▶ [Work order] Go through the material below, tally each line containing "Front", and write the tally alone.

▶ [Source data]

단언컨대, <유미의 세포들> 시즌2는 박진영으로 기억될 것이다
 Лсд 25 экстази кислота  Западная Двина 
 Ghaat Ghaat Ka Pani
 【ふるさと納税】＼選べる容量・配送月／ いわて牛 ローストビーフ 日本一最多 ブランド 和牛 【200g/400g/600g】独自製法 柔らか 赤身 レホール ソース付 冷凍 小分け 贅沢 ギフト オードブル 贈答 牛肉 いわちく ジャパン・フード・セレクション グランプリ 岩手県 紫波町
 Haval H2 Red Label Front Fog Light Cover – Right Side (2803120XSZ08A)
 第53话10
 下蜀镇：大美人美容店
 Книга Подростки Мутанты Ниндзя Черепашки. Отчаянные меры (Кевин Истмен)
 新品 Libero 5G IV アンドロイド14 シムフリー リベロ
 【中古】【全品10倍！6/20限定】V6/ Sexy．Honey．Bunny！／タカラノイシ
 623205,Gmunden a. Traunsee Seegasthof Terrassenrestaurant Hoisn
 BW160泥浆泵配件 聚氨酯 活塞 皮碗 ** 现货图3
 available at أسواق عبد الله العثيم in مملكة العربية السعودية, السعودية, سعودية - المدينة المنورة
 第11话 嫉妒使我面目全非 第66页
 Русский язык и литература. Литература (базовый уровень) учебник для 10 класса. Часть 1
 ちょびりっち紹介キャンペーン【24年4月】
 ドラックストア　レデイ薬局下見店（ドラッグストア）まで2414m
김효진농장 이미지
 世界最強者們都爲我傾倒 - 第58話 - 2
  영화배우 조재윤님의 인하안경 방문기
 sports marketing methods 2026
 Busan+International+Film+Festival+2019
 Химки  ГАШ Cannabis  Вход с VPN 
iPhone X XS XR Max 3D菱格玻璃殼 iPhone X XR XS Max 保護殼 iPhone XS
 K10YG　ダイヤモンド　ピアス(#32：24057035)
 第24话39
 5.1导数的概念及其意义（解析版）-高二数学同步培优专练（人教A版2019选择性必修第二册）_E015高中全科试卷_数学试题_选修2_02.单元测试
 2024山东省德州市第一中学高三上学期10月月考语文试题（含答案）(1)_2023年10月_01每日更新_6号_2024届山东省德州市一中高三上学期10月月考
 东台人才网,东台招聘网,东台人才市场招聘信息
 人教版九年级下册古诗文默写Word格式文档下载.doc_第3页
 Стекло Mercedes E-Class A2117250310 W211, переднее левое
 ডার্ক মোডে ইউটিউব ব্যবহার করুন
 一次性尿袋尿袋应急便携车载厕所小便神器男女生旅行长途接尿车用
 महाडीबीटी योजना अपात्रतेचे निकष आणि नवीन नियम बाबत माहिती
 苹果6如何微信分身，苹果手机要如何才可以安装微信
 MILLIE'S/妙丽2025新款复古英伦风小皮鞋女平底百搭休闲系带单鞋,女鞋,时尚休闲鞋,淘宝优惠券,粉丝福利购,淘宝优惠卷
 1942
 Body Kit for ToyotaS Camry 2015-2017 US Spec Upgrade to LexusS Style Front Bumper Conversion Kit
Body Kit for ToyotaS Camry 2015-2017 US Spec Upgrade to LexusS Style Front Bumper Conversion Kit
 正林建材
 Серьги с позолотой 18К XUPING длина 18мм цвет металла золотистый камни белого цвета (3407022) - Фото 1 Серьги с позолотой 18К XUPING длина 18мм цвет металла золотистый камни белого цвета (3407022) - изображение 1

▶ [The answer] 3